Data for this task:
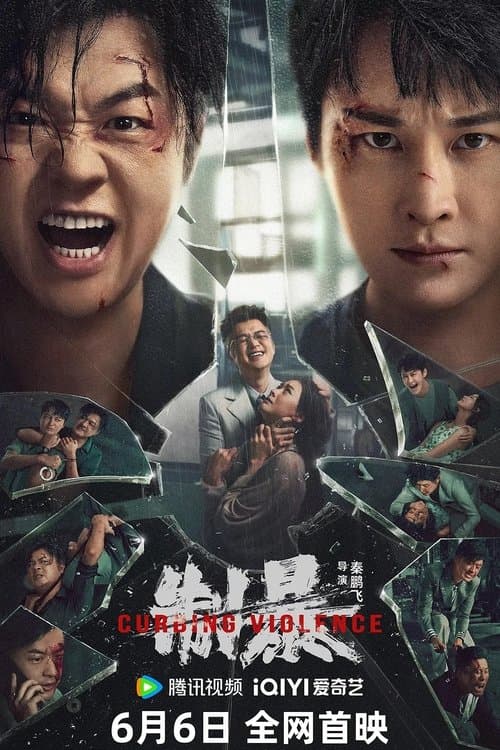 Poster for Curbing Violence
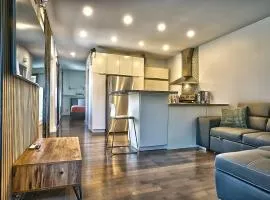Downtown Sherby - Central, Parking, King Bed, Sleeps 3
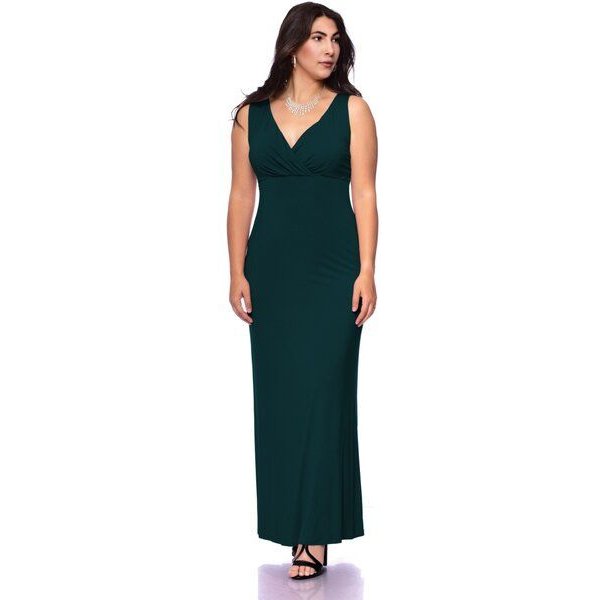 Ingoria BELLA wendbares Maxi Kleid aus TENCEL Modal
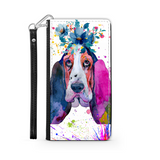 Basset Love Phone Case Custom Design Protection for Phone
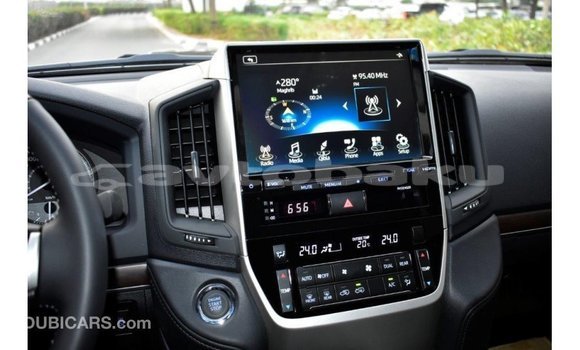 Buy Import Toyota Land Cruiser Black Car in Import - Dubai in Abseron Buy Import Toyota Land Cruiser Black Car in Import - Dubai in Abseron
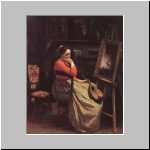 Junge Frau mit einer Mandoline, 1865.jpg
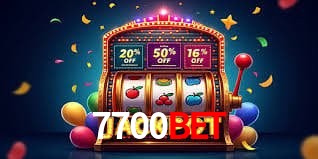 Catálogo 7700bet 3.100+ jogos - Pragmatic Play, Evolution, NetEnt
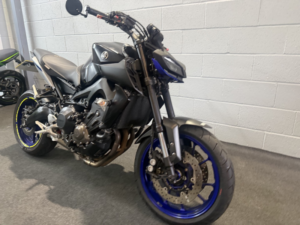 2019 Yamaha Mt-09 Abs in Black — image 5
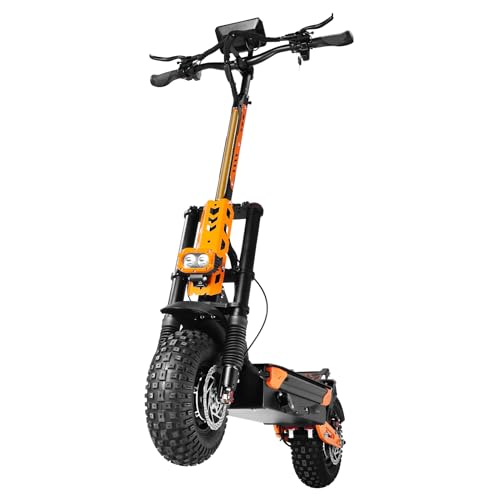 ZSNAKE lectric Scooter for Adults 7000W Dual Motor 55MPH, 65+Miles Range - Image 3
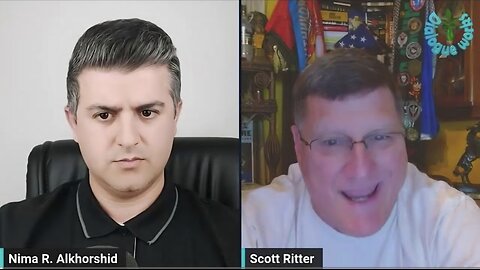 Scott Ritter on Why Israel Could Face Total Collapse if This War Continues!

--

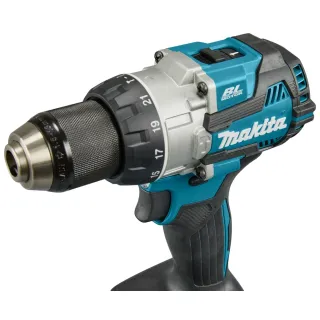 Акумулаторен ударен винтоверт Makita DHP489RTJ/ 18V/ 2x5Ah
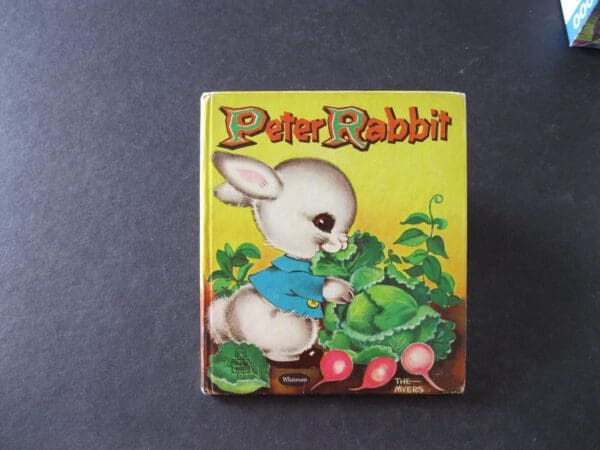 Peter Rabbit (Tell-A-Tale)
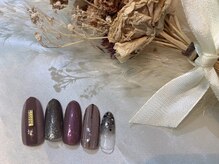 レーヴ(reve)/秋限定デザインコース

What you are asked to do:
Write out, word for word, the stretch of entries that begins at the line with "Poster for Curbing Violence" and ends at the line with "Scott Ritter on". Pictures do not belong in it.

Output of the exercise:
 Poster for Curbing Violence
Downtown Sherby - Central, Parking, King Bed, Sleeps 3
 Ingoria BELLA wendbares Maxi Kleid aus TENCEL Modal
 Basset Love Phone Case Custom Design Protection for Phone
 Buy Import Toyota Land Cruiser Black Car in Import - Dubai in Abseron Buy Import Toyota Land Cruiser Black Car in Import - Dubai in Abseron
 Junge Frau mit einer Mandoline, 1865.jpg
 Catálogo 7700bet 3.100+ jogos - Pragmatic Play, Evolution, NetEnt
 2019 Yamaha Mt-09 Abs in Black — image 5
 ZSNAKE lectric Scooter for Adults 7000W Dual Motor 55MPH, 65+Miles Range - Image 3
 Scott Ritter on Why Israel Could Face Total Collapse if This War Continues!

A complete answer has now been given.